For the entries below, copy exactly the line that contains "تاهو 2021خليجي مكفولة" through the line that contains "南服中心攜手醫療團隊守護警察健康 推猝死預防講座及免費健檢 南服中心攜手醫療團隊守護警察健康", both ends included, and exclude all pictures.
-------- EXERCISE MATERIALS --------
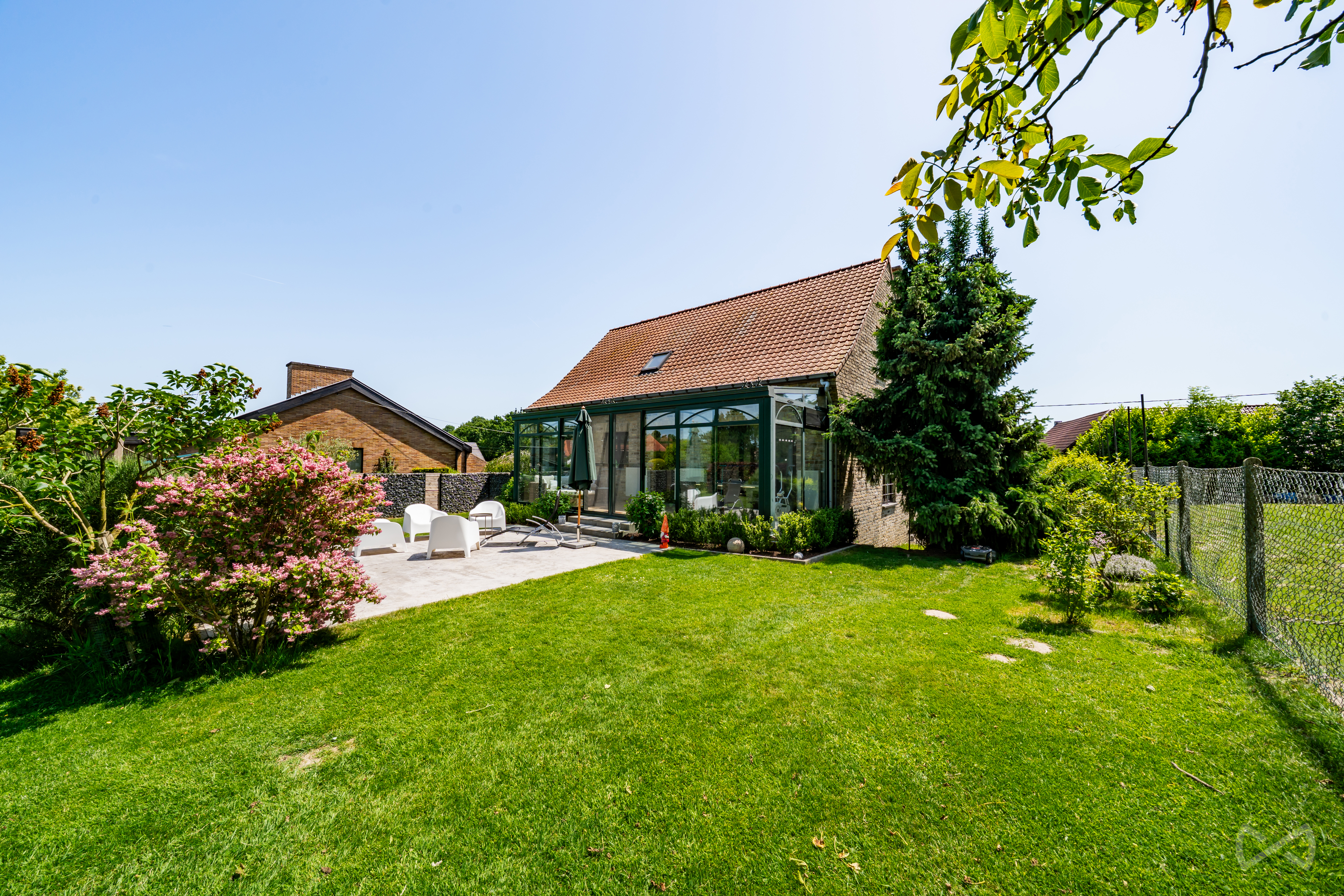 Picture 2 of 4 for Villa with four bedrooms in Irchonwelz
--------
-------- EXERCISE MATERIALS --------
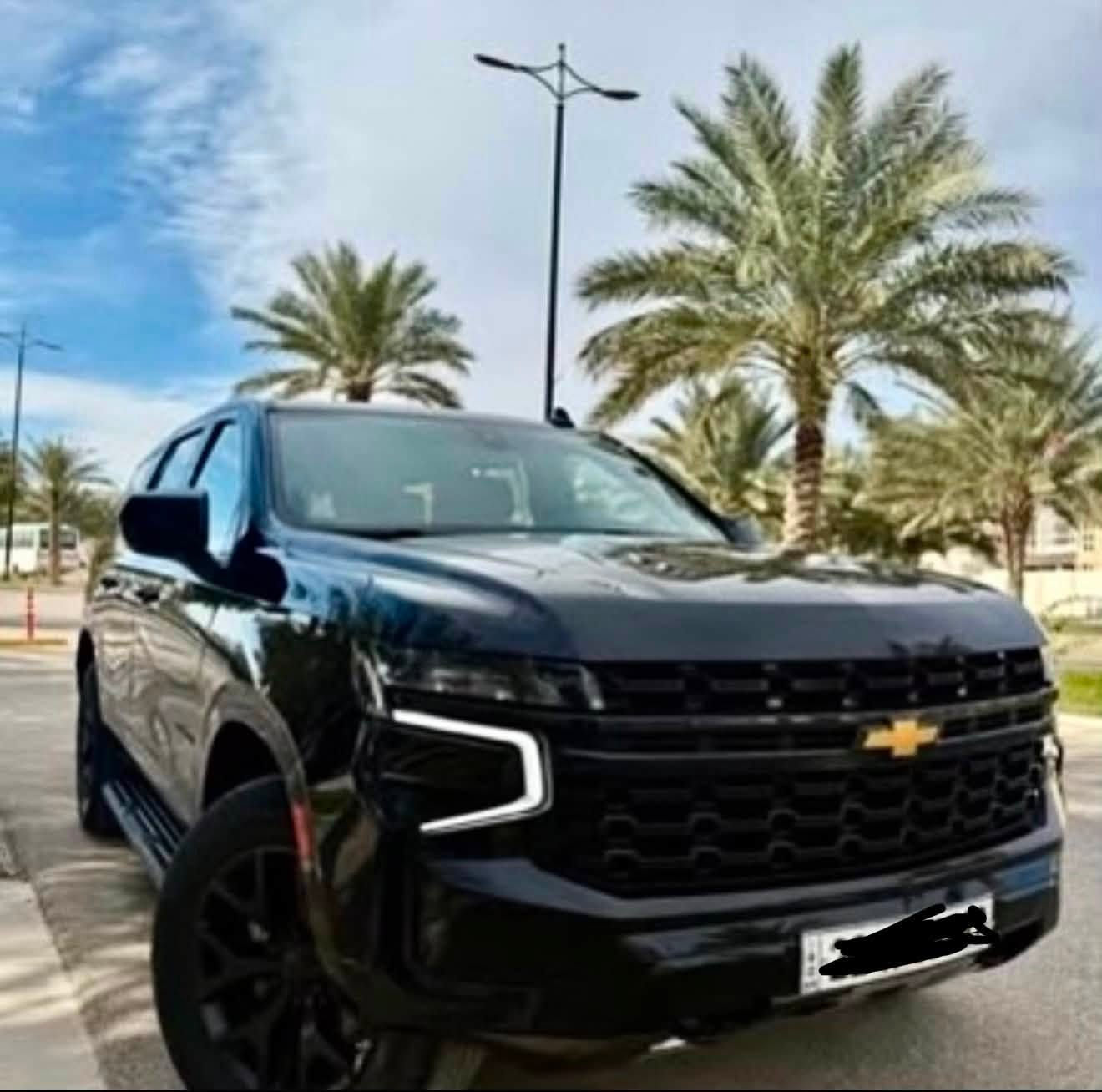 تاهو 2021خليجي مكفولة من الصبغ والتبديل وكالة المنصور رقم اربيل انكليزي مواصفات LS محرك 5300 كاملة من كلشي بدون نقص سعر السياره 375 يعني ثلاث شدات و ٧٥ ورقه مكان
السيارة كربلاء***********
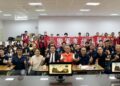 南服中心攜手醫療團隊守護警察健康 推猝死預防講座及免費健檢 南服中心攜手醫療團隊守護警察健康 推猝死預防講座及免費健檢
--------
• EXPECTED ANSWER:
 تاهو 2021خليجي مكفولة من الصبغ والتبديل وكالة المنصور رقم اربيل انكليزي مواصفات LS محرك 5300 كاملة من كلشي بدون نقص سعر السياره 375 يعني ثلاث شدات و ٧٥ ورقه مكان
السيارة كربلاء***********
 南服中心攜手醫療團隊守護警察健康 推猝死預防講座及免費健檢 南服中心攜手醫療團隊守護警察健康 推猝死預防講座及免費健檢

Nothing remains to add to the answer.